# ASSIGNED TASK
Copy each line of the data below in which the word "Unit" can be found.

# Extracted records
Content starts
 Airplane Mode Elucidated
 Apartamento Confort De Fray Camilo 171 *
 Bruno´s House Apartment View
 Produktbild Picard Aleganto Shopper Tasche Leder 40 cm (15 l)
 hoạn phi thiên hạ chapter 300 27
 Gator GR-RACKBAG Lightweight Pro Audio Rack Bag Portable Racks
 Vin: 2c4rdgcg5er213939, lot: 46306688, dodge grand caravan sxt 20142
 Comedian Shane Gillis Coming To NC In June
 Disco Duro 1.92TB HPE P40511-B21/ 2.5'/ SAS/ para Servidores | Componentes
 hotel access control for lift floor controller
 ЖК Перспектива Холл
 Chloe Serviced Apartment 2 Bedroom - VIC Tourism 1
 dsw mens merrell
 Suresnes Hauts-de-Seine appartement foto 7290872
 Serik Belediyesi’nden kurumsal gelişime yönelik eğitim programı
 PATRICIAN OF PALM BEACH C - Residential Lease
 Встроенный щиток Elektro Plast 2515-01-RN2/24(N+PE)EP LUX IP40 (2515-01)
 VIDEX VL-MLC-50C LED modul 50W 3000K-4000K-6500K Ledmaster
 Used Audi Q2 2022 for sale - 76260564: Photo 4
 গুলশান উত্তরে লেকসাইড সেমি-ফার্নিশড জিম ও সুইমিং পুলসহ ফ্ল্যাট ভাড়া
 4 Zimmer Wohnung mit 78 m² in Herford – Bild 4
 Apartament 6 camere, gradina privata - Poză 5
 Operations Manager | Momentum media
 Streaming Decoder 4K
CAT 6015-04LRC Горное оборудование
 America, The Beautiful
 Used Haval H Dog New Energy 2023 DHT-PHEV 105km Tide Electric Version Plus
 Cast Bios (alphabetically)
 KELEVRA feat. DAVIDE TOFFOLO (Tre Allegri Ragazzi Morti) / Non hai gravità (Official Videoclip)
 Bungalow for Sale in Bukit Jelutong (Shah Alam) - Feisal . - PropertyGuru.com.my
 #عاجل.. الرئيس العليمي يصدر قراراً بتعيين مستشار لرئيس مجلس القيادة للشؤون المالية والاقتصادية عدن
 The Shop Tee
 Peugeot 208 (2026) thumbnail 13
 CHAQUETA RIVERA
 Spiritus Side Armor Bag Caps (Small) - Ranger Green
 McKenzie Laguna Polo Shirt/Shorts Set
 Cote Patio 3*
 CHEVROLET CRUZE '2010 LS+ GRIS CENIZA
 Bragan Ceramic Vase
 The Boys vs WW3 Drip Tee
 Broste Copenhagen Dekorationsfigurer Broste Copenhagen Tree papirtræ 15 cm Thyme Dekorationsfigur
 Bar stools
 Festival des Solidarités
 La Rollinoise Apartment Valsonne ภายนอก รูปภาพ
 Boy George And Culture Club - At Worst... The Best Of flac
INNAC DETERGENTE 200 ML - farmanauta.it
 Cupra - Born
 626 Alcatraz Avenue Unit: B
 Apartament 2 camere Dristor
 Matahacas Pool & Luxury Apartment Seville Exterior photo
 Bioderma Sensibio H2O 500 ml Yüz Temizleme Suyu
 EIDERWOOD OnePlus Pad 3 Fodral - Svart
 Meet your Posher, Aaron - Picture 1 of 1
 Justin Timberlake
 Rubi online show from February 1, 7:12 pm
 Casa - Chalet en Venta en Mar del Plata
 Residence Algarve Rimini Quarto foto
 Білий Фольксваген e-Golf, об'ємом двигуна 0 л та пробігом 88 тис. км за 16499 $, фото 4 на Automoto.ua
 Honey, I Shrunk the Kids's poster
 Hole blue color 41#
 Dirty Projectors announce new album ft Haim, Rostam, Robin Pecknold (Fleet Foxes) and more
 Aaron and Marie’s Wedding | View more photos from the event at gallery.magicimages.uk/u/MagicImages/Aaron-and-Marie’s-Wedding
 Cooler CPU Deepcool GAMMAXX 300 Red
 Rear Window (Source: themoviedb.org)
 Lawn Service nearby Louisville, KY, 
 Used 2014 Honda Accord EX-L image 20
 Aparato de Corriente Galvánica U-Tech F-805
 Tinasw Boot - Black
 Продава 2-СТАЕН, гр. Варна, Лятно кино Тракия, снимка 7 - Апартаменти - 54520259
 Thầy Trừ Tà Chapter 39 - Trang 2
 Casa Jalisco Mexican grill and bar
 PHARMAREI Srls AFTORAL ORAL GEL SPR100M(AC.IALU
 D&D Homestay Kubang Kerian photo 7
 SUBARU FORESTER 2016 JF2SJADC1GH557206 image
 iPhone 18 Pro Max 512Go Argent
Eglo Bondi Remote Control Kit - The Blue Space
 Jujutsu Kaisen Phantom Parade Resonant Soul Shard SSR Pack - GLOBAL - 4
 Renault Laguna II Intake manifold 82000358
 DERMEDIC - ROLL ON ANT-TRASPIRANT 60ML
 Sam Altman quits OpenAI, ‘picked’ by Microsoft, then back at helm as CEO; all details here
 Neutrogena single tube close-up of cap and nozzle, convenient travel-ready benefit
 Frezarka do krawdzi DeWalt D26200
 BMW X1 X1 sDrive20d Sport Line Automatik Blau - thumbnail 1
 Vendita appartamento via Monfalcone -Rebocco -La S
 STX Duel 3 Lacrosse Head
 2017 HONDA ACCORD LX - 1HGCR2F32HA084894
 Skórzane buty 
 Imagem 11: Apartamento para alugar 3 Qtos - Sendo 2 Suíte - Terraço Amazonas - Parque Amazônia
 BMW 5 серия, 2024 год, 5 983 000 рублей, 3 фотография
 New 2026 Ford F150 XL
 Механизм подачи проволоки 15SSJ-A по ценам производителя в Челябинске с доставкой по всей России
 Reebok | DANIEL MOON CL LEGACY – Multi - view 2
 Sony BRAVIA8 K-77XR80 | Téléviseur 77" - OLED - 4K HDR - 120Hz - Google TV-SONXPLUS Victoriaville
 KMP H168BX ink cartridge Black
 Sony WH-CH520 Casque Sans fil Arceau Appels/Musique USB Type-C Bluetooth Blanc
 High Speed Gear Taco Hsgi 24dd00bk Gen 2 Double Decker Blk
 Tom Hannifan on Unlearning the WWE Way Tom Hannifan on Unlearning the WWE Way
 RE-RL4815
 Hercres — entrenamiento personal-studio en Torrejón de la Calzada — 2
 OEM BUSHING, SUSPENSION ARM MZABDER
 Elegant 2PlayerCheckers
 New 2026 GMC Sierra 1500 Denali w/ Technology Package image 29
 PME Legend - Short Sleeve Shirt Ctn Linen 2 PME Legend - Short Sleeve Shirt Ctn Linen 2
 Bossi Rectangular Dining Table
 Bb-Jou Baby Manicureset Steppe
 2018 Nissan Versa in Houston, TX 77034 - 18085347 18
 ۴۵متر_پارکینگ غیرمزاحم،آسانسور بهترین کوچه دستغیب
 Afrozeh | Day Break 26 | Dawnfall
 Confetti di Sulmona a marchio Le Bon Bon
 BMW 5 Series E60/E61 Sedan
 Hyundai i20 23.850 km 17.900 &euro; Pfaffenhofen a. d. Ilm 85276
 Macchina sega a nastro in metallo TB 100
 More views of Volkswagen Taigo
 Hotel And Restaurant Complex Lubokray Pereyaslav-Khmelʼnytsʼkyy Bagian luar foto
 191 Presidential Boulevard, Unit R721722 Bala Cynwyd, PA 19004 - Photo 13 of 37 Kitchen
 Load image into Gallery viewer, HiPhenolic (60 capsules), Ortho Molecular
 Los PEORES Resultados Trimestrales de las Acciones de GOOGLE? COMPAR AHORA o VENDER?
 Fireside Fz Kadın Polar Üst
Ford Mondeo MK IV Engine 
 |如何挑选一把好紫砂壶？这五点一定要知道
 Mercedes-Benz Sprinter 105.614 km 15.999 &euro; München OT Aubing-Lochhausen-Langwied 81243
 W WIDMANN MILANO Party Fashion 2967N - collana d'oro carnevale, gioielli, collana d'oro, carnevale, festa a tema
Content ends
# ANSWER TO THE EXERCISE
 626 Alcatraz Avenue Unit: B
 191 Presidential Boulevard, Unit R721722 Bala Cynwyd, PA 19004 - Photo 13 of 37 Kitchen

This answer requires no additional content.